Originally posted July 22, 2009

I went to summer camp three times during my childhood and youth. I spent one week each of the summers of 1965 and 1970 at a Boy Scout camp a little more than an hour north of St. Cloud. The second time I was there, the camp was formally called Parker Scout Reservation, but, informally, everyone still called it Camp Clyde in honor – as I understood it – of the stuffed moose head called Clyde that presided from the wall of the mess hall.

My other camping summer was in 1968, when I spent something like twelve days at Bible camp, swimming, boating, crafting and more at a camp called the Shores of St. Andrew near the town of New London about forty-five miles southwest of St. Cloud.  St. Andrew wasn’t near as rustic an experience as Camp Clyde had been: We slept on bunk beds in a cabin instead of in canvas tents, and everything was located within, oh, a hundred yards of the lakeshore instead of being sprinkled throughout the piney woods as it was for the Boy Scouts.

A few things stick out from my time at the Shores of St. Andrew:

First, it was during those twelve days that my voice changed. When Mom and Dad dropped me off on a Sunday afternoon, I was still singing something close to soprano when we all gathered for sing-alongs in the evenings. Within a few days, that started to change. I felt constantly as if I needed to clear my throat. It never helped. Another few days went by, and I was a tenor. My range diminished slightly as my voice deepened, and as I struggled with the new sound of me, my fellow campers joshed me gently. When I greeted Mom when she arrived to take me home after those twelve days, the first thing she said was “What happened to your voice?”

One of the girls in the little crowd that had gathered at the departure point giggled. “It changed,” she said simply. Mom looked at me, looked at Jill – and the fact that I recall my fellow camper’s name after forty-one years is a little surprising – and then back at me. She nodded, and then we put my stuff in the car, and I left my remaining camper friends behind.
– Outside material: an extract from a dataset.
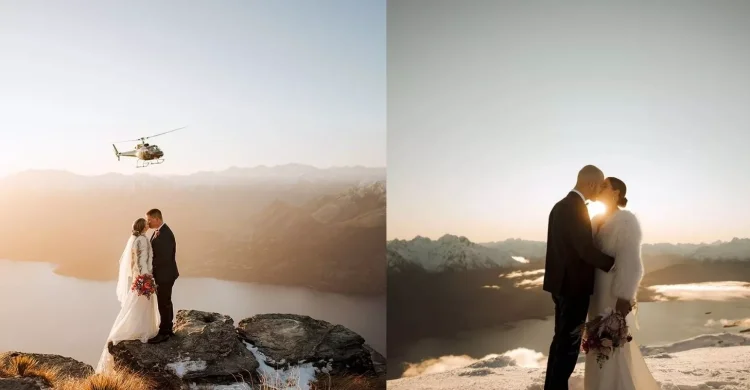 Elope in Queenstown | Heli Elopement in New Zealand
Jill’s presence – and the presence of the other girls – is another thing that makes that time at camp memorable. Oh, there was no romance between us, although a few other couples among the older campers – the ages of campers ranged from about twelve to sixteen – paired up tentatively during our time there. But there were cross-gender friendships, which was kind of a new concept for a lot of us, I think, girls as well as boys. Those friendships were aided by a decrease in the number of campers after one week. Most of the kids who arrived the same Sunday I did had signed up for just one week; about a third of us – maybe twenty – had signed up for the twelve-day session. A few of the kids from the nearby city of Willmar who’d signed up for the single week extended their stays because we were all having so much fun, but the second portion of my time at camp still had a much smaller population, and I think that helped encourage the development of a wider range of friendships, including those that crossed the gender line.

But friendly or not, we were still boys and they were still girls. And one night after midnight, we boys decided to go visit the girls’ cabin. We didn’t go in, of course. We ran around the outside of the cabin and then banged on the windows, yelping and hollering. I was gratified to hear the sounds of laughter on the other side of the window where I stood, shouting what in effect were nonsense words. After about five minutes, we ran back to our cabin, where our counselors – who had not attempted to dissuade us from our plans – were waiting. Both Louie and Paul – More names! Amazing! – shrugged as we tumbled in, laughing. One of them said, “I hope it was fun, guys. You’ll pay for it tomorrow.”

And we did. After lunch, while the girls got to go outside and go swimming or do whatever they wished, we boys were issued buckets and scrub brushes and spent the afternoon cleaning the floor of the mess hall. That wasn’t all that bad; as we scrubbed, we talked and laughed.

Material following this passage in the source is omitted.